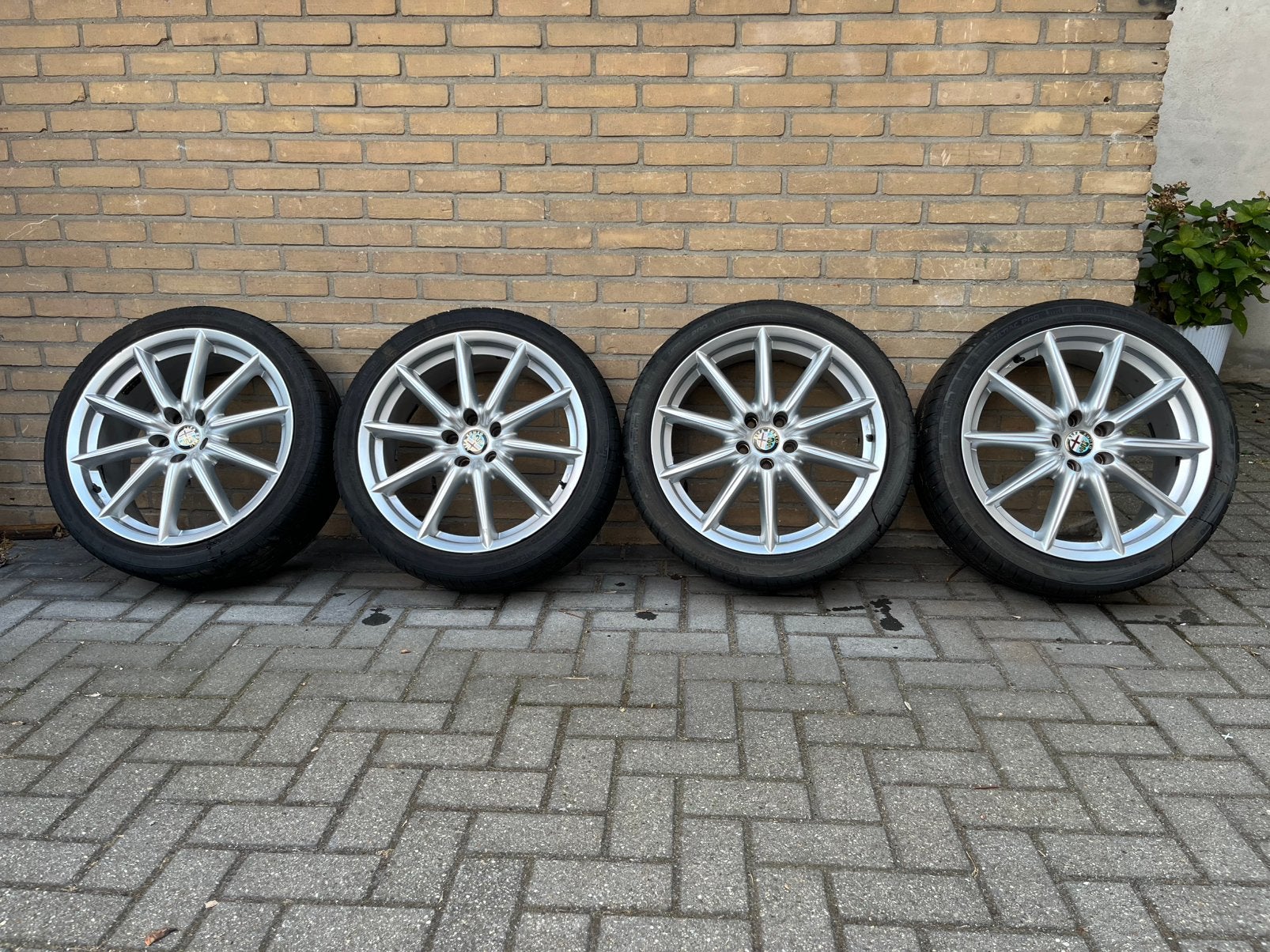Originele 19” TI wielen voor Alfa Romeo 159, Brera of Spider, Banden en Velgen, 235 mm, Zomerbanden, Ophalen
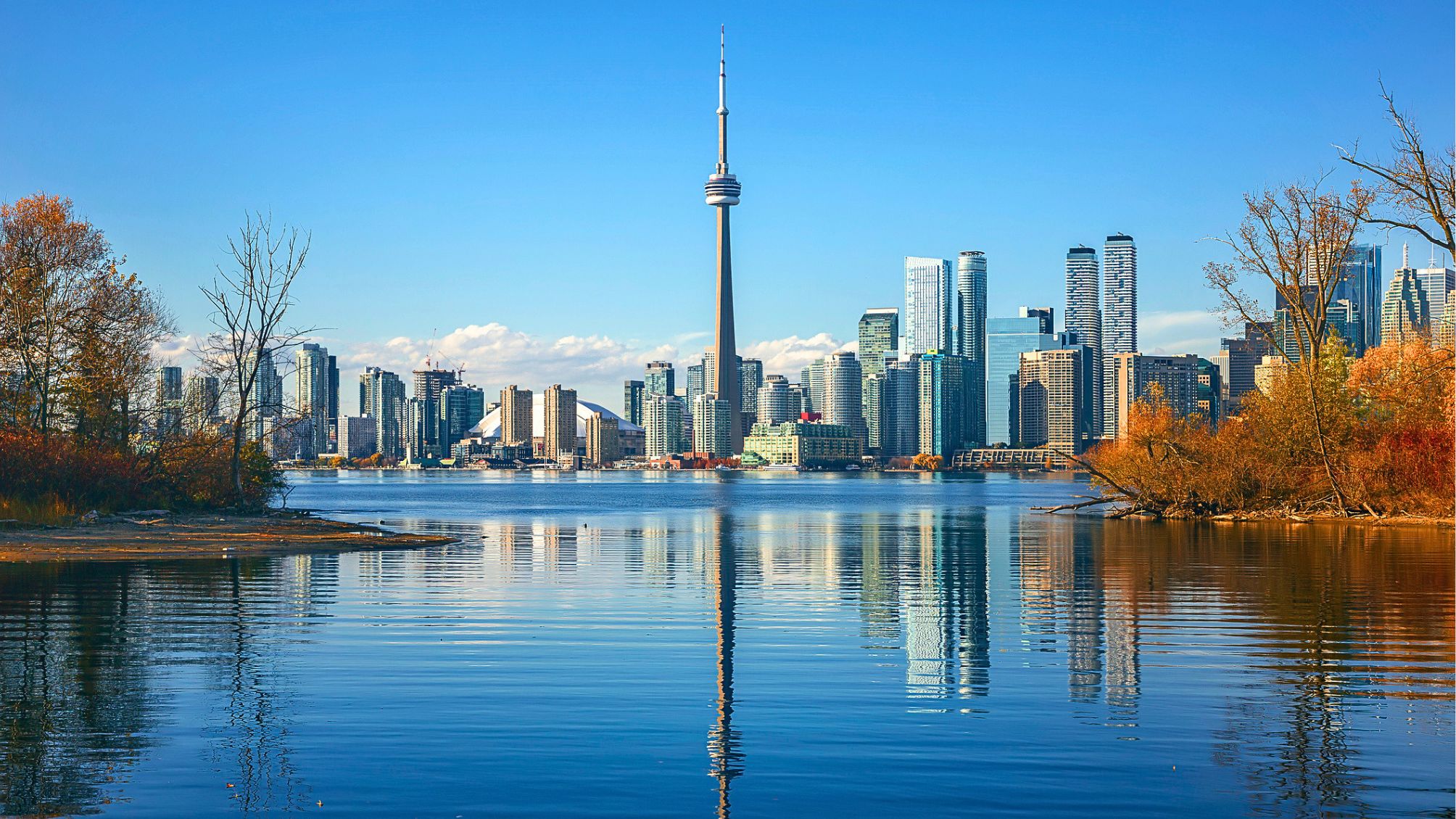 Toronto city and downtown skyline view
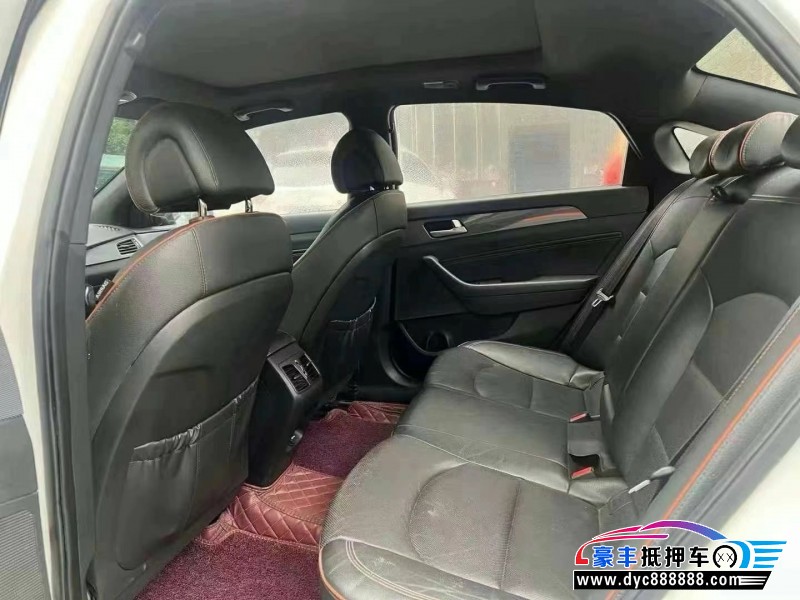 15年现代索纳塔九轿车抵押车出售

_ _ _ _ _ _ _

An exact copy of the material above is required, minus its images.

- SOLUTION TO THIS PROBLEM
Originele 19” TI wielen voor Alfa Romeo 159, Brera of Spider, Banden en Velgen, 235 mm, Zomerbanden, Ophalen
 Toronto city and downtown skyline view
 15年现代索纳塔九轿车抵押车出售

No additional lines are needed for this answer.